It can be used to remove the series dependence on time, so-called temporal dependence. This includes structures like trends and seasonality.

Differencing can help stabilize the mean of the time series by removing changes in the level of a time series, and so eliminating (or reducing) trend and seasonality.


Differencing is performed by subtracting the previous observation from the current observation.

>difference(t) = observation(t) - observation(t-1)


# **Lag Difference**
Taking the difference between consecutive observations is called a lag-1 difference.

The lag difference can be adjusted to suit the specific temporal structure.

For time series with a seasonal component, the lag may be expected to be the period (width) of the seasonality.

# **Difference Order**
Temporal structure may still exist after performing a differencing operation, such as in the case of a nonlinear trend.

As such, the process of differencing can be repeated more than once until all temporal dependence has been removed.

The number of times that differencing is performed is called the difference order.

In [None]:
series = read_csv('shampoo.csv', header=0, parse_dates=[0], index_col=0, squeeze=True, date_parser=parser)
series.plot()
pyplot.show()

# **Manual Differencing**
We can difference the dataset manually.

This involves developing a new function that creates a differenced dataset. The function would loop through a provided series and calculate the differenced values at the specified interval or lag.

The function below named difference() implements this procedure.

In [None]:
# create a differenced series
def difference(dataset, interval=1):
	diff = list()
	for i in range(interval, len(dataset)):
		value = dataset[i] - dataset[i - interval]
		diff.append(value)
	return Series(diff)

We can see that the function is careful to begin the differenced dataset after the specified interval to ensure differenced values can, in fact, be calculated. A default interval or lag value of 1 is defined.
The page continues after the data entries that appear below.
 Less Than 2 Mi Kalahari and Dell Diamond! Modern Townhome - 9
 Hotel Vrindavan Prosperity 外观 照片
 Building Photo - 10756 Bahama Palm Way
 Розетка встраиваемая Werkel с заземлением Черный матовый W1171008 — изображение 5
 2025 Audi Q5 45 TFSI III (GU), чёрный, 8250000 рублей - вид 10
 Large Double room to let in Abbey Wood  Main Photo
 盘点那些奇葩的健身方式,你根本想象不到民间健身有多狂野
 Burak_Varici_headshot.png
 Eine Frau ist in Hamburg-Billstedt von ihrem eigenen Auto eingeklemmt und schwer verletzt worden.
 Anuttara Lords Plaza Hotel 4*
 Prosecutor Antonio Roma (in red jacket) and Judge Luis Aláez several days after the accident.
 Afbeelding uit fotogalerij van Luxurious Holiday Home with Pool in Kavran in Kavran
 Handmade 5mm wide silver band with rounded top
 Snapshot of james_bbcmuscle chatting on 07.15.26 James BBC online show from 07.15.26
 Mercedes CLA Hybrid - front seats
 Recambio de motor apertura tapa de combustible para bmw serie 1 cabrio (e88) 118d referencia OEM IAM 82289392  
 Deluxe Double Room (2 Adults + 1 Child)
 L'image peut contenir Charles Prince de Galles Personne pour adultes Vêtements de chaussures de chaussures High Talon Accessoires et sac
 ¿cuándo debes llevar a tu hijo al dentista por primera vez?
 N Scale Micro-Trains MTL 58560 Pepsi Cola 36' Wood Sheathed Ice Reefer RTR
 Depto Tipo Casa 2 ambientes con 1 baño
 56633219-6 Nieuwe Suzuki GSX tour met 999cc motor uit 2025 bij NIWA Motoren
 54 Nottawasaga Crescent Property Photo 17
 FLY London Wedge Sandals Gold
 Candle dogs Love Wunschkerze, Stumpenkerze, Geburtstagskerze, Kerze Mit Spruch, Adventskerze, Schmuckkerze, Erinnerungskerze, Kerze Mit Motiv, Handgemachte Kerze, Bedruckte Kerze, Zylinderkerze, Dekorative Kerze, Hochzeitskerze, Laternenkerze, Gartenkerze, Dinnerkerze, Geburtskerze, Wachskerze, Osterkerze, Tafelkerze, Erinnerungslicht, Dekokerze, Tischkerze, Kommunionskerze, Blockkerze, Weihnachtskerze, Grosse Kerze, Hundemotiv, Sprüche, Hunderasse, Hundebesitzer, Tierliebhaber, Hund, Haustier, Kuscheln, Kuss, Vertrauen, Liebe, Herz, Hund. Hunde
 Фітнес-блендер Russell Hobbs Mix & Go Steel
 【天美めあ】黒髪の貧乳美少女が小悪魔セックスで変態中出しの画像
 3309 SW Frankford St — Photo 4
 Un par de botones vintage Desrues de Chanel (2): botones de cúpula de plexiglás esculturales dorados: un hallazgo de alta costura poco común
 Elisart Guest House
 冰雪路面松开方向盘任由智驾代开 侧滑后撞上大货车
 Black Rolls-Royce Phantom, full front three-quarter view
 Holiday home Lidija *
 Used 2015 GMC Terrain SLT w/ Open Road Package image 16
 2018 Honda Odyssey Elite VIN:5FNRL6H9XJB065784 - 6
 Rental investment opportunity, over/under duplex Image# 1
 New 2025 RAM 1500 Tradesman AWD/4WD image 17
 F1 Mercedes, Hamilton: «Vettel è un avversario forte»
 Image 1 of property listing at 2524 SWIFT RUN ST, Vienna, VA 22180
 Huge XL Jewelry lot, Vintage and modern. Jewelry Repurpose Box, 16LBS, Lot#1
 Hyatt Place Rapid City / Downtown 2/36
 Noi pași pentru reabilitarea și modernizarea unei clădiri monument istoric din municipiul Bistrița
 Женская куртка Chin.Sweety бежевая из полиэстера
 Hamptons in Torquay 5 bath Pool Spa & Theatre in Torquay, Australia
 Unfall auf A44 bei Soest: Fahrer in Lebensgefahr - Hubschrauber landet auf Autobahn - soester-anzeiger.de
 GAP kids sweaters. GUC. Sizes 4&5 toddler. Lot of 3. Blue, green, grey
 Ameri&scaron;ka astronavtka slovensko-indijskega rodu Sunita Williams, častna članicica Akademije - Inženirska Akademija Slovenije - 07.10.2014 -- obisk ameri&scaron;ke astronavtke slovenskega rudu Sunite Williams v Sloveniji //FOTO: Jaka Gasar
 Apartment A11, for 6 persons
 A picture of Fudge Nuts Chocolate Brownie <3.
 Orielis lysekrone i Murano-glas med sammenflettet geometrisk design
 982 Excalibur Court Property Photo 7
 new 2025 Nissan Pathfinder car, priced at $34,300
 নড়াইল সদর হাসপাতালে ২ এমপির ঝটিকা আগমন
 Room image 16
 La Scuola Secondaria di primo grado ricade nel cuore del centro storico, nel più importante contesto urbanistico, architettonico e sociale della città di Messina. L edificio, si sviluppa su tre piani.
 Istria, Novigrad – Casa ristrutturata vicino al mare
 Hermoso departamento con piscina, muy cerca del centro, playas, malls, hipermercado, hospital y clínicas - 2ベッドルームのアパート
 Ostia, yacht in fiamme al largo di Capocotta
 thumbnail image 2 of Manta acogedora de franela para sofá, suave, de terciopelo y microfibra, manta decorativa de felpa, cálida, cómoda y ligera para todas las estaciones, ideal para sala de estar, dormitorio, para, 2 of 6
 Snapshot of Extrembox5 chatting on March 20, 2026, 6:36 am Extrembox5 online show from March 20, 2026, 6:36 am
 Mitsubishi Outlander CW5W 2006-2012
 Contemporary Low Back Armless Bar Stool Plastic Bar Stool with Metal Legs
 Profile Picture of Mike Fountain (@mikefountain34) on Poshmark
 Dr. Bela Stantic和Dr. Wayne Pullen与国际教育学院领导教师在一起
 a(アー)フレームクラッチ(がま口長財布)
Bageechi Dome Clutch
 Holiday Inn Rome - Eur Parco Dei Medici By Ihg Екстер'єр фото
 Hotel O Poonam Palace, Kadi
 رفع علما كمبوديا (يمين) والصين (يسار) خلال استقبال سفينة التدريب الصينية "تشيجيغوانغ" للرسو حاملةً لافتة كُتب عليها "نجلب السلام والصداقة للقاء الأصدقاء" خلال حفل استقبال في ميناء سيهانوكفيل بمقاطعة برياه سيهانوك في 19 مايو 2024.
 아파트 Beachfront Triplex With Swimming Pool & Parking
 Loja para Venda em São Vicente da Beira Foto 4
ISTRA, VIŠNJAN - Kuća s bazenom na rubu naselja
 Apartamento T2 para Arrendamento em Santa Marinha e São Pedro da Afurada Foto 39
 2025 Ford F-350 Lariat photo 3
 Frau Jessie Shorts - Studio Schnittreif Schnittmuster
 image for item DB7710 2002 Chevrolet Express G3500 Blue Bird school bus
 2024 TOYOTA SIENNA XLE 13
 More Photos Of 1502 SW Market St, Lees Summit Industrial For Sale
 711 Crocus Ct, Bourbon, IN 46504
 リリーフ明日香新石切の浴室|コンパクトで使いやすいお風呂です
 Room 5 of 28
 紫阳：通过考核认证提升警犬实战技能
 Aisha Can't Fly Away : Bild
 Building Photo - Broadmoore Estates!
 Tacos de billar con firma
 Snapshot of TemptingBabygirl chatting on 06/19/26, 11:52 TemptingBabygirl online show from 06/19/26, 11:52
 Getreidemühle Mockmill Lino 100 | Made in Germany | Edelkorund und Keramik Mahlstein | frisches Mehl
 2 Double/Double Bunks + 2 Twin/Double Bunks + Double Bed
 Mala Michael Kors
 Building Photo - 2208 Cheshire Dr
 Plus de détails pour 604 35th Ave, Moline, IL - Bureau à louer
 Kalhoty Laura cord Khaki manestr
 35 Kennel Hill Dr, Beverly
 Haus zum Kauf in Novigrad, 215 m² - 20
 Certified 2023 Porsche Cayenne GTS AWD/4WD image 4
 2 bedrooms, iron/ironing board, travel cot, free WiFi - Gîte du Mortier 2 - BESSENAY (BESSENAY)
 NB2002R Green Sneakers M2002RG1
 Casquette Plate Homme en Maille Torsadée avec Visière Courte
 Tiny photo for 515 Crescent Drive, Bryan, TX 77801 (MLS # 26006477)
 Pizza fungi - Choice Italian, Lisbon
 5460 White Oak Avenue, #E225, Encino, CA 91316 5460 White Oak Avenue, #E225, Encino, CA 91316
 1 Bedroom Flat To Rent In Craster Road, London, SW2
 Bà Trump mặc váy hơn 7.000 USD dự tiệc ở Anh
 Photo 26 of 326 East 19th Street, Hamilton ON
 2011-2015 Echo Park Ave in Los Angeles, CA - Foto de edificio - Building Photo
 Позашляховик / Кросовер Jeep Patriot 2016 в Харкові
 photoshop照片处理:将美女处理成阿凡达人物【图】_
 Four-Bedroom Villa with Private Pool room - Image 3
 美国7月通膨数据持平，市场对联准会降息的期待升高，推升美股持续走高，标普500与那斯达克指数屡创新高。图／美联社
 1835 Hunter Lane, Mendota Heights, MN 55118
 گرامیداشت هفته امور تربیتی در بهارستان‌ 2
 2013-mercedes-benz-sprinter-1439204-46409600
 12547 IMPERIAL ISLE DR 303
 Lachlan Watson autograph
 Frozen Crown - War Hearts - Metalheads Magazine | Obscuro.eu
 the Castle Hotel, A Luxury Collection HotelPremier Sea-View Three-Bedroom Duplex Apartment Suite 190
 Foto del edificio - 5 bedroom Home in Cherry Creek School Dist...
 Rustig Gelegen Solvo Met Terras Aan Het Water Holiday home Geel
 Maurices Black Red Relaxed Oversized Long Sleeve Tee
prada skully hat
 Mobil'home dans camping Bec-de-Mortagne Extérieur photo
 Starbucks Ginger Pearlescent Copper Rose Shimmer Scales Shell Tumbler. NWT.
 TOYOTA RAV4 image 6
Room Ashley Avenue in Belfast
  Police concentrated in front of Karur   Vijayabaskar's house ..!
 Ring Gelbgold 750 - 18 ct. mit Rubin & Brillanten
This is a sensible default.

One further improvement would be to also be able to specify the order or number of times to perform the differencing operation.

The example below applies the manual difference() function to the Shampoo Sales dataset

In [None]:
X = series.values
diff = difference(X)
pyplot.plot(diff)
pyplot.show()

# **Automatic Differencing**
The Pandas library provides a function to automatically calculate the difference of a dataset.

This diff() function is provided on both the Series and DataFrame objects.

Like the manually defined difference function in the previous section, it takes an argument to specify the interval or lag, in this case called the periods.

The example below demonstrates how to use the built-in difference function on the Pandas Series object.

In [None]:
diff = series.diff()
pyplot.plot(diff)
pyplot.show()